スペイン舞踊は華やかで、豊かで、楽しく、美しく、観る人の心を躍らせる。

と、改めて感じた夜でした。
マドリードの国立サルスエラ劇場での公演。一人でも多くの人に見てもらいたいけれど残念ながらすでに千秋楽まで完売。昔はそんなことなかったよね。
ナハロ監督就任以来、国立は着実にファンを増やしてきたということでしょう。
結果を出した、その彼の監督任期は来年8月で終了。なのでこれが最後のマドリー公演かも?

歴代監督の写真と声で構成されたビデオで始まる。
アントニオ・ガデス、グラン・アントニオ、マリア・デ・アビラ、ホセ・アントニオ、ナナ・ロルカ/アウロラ・ポンス/ビクトリア・エウヘニア、アイーダ・ゴメス、エルビラ・アンドレス、ホセ・アントニオ、そしてアントニオ・ナハーロ。
彼らが先頭だって築いてきた国立の歴史を彩った作品の衣装をまとったダンサーたちが客席の通路や舞台をファッションショーのように歩く。
鮮やかな色彩はピカソデザインの『三角帽子』、白のボツボツが着いたのはラトーレ振り付けの『ロコ』、膨らんだスカートは『エリターニャ』、薄紫のバタは『アレント』…
思い出せる衣装もいろいろ。バックに流れるのはボッケリーニのファンダンゴ?『ダンサ・イ・トロニオ』で聴いた曲。

最後は全員で舞台の上でポーズ。
Ballet Nacional de España

国立の40年の歴史へのインビテーションとして最高のプレゼンテーション。

最初は先日の日本公演でも上演された『エリターニャ』、グラン・アントニオの振付。
エスクエラ・ボレーラの素晴らしい作品。本拠地ではオーケストラの生演奏で。
私が見た日はカルロス・サンチェスとミリアム・メンドーサが踊っていた(ダブルキャストでセルヒオ・ベルナルとデボラ・マルティネス)のだが、日本で踊ったセルヒオ・ベルナルに負けず劣らず素晴らしかった。
そして群舞がまたすごい!。よく揃っているし、形の美しさはもちろん、とにかく超絶テクニック! クラシックバレエ的な足づかいとスペイン的な

『アランフェス協奏曲』の第2楽章は、その昔パコ・デ・ルシアのアランフェスの指揮者として来日したこともあるホセ・マリア・ガジャルドが生演奏。豪華!
ピラール・ロペス振り付けのこの作品、動きがゆっくりだったり、群舞が全員同じ振り付けだったりと、全体の印象はどうしても古臭い感じがしてしまう。伝統を感じても決して古臭くは見えない、グラン・アントニオの振り付けは古典だなあ、とつくづく思うわされる。
と言っても、ピラールの振り付けは細部がいい。形の美しさ、動きの優雅さなど、やはり、伝統だ。歴史を感じさせる。
私が見た日に踊ったインマクラーダ・サロモンの才能もあるだろう。

続く『プエルタ・ティエラ』がこの日の白眉!。エスクエラ・ボレーラの最高峰的作品で、これもグラン・アントニオの振り付け。何度か、国立バレエでも踊られていて、私はキャスト違いで以前に2回観ているが、それにもまして今回は素晴らしかった。完璧なテクニック。跳躍、回転、カスタネット。以前、見た時は、いいんだけど、どうしても以前のパレハを思い出して比べてしまったが、今回はそんなことはなく、ただただ感嘆!
セルヒオ・ベルナルとデボラ・マルティネス(ダブルキャストはエドゥアルド・マルティネスとミリアム・メンデス)は、テクニックだけでなく、表現もいい。
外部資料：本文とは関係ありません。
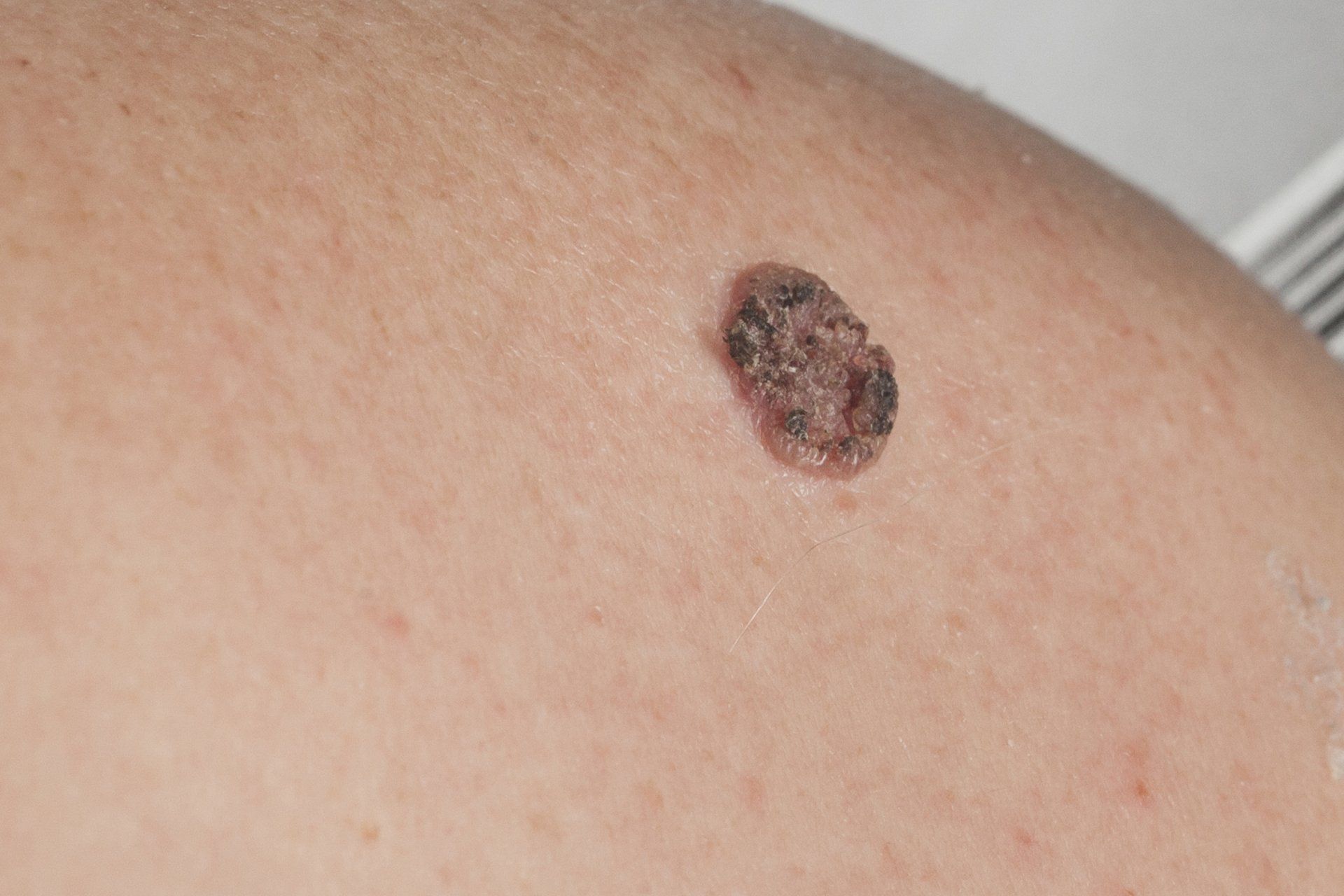 Image of  non-melanoma skin cancer treated by dermatologists.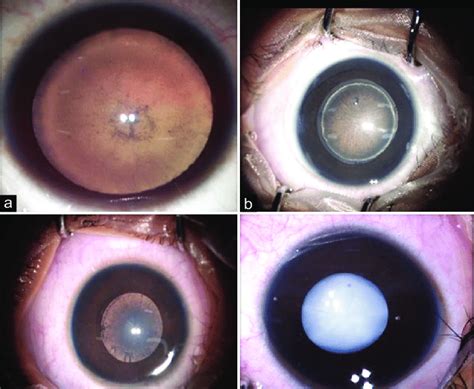 Anterior Segment Images Showing Different Morphology Of Cataracts In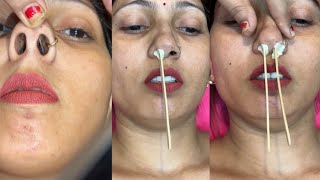 Nose hair waxingpiggynose nosepulling pummybeautyparlour pummybeautyworld [upl. by Nathanson]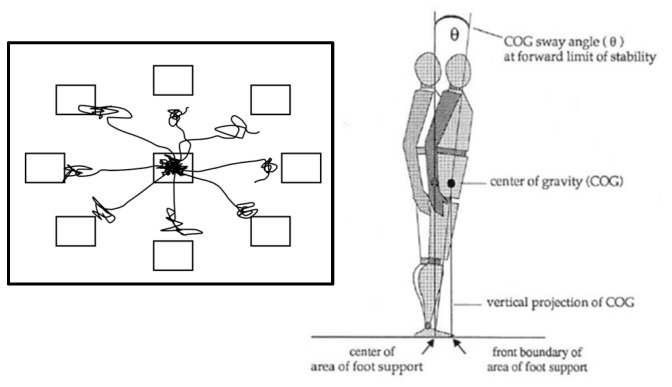Effect of a Six-Month Dance Intervention on Postural Control and Fall-Related Outcomes in Older Adults with Mild Cognitive Impairment: A Randomized Controlled Trial.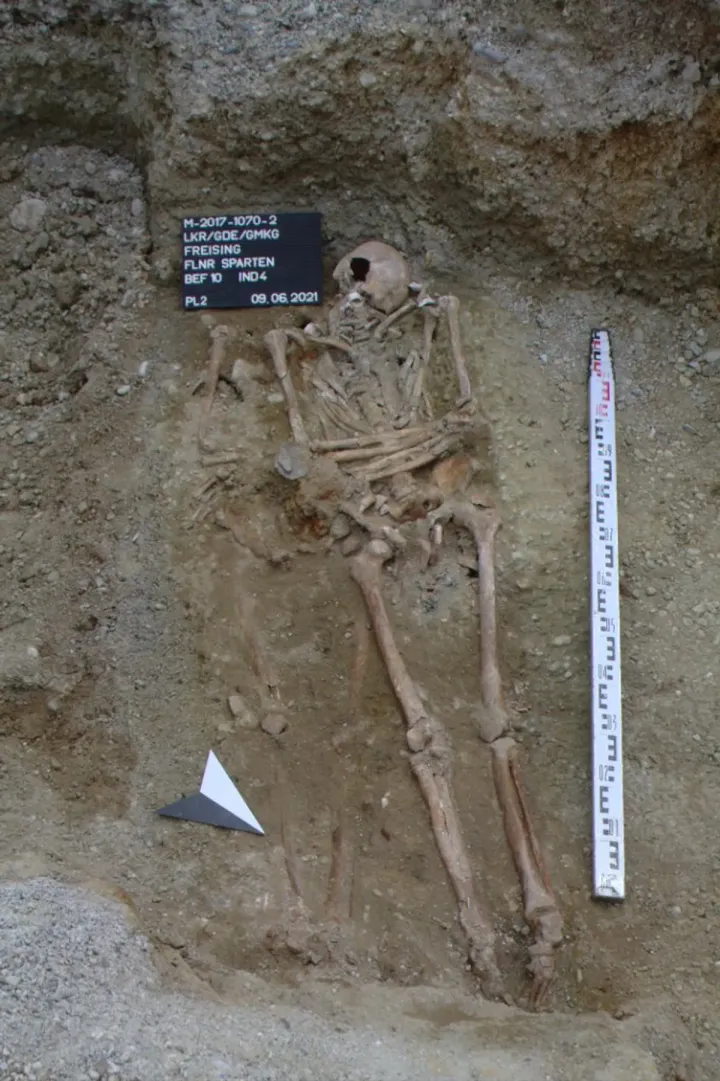 Скелетные останки владельца протеза, обнаруженного близ приходской церкви Св. Георгия.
アントニオ・ガデスの遺作『フエンテオベフーナ』は、洗濯場のシーンを。
女性たちが後姿で腰を動かす振りとか、懐かしくて涙が出そうになる。
続く主役ふたりのパドドゥ、代官の横恋慕など、台詞がなくとも、元のあらすじを知らなくても、すぐにわかる、この明解さ。群衆の動きのコントロール、陰影のある照明。
どれを取っても素晴らしい。この日は主役をエドゥアルド・マルティネスとクリスティーナ・カルネーロの二人が踊ったが、クリスティーナはガデス舞踊団でこの役を踊っていただけにさすがの出来。なおダブルキャストで主役を踊るアルバロ・マドリードもガデス舞踊団出身で、彼とインマクラーダ・サロモンが踊る役替わりもみたかった!

『レジェンダ』のソレアは、古典的衣装の男性三人によるもので、ホセ・アントニオの振り付け。カルメン・アマジャへのオマージュだった『レジェンダ』というと、長い長いバタ・デ・コーラや男装の女性舞踊手のイメージばかり残っていたが、この男性三人のフラメンコの振り付けはめちゃくちゃかっこよくて最高!
これを発掘してくれたアントニオに感謝!この曲、日本でもぜひ観てもらいたいものです。歌にラファエル・デ・ウトレーラというのにもこだわりを感じる。

そして日本でもやった『サラサーテのサパテアード』この日一番の拍手を受けていた。
一部の最後は、民族舞踊の作品『ロマンセ』。96年、今は亡きフアンホ・リナーレスの振り付け。
スペイン民族音楽の第一人者、エリセオ・パッラの弾き語り踊り語りで始まり、一組のパレハを中心に迫力のある群舞が展開される。華やかで賑やかで楽しい!の一言。
見ているだけで気持ちが上がる。ハイになる。
民族舞踊は祭りと密接な関係を持っているものが多いからかも。ホタもそうだね。
ここでも、今のバレエ団メンバーの高いテクニックがやはり要。

と、この1部だけでも1時間半。ここで終わっても満足なところ、休憩を挟んでの第2部も。
オープニングは『リトモス』。84年初演というから35年前の作品なのに古さを感じさせない。ホセ・ニエトのオリジナルの音楽も、アルベルト・ロルカの振り付けもおしゃれで素晴らしい。日本でもかなり昔に上演されたことはあるが、これまた再演希望!
ベティ先生ことビクトリア・エウヘニア振り付けの『ダンサIX』はいわゆるクラシコエスパニョール。私にはやはりローラ・グレコのイメージが強すぎる。

『イカロ』はドランテスのピアノで踊るセルヒオ・ベルナルのソロ。今回唯一の新作。バレエダンサー顔負けの新たり能力のセルヒオはすごいんだけど、でも衣装がなんだか残念な感じ。特に上体の動きの妙を見せてくれていないというか。
最後は華やかに展開される『ソロージャ』のバイレ。熱く!

曲ごとに挨拶する国立バレエの習慣から離れ、挨拶はこの最後だけ。
拍手が鳴り止まない。




40年のうち、30年は見続けていて、いろんな思い出がある私も、これが最初の国立バレエ鑑賞という人も、絶対楽しめる舞台。
退任までのラストスパートとなったアントニオ。次の監督は色々大変だなあ。
次の監督は来年初めに公募されるそうです。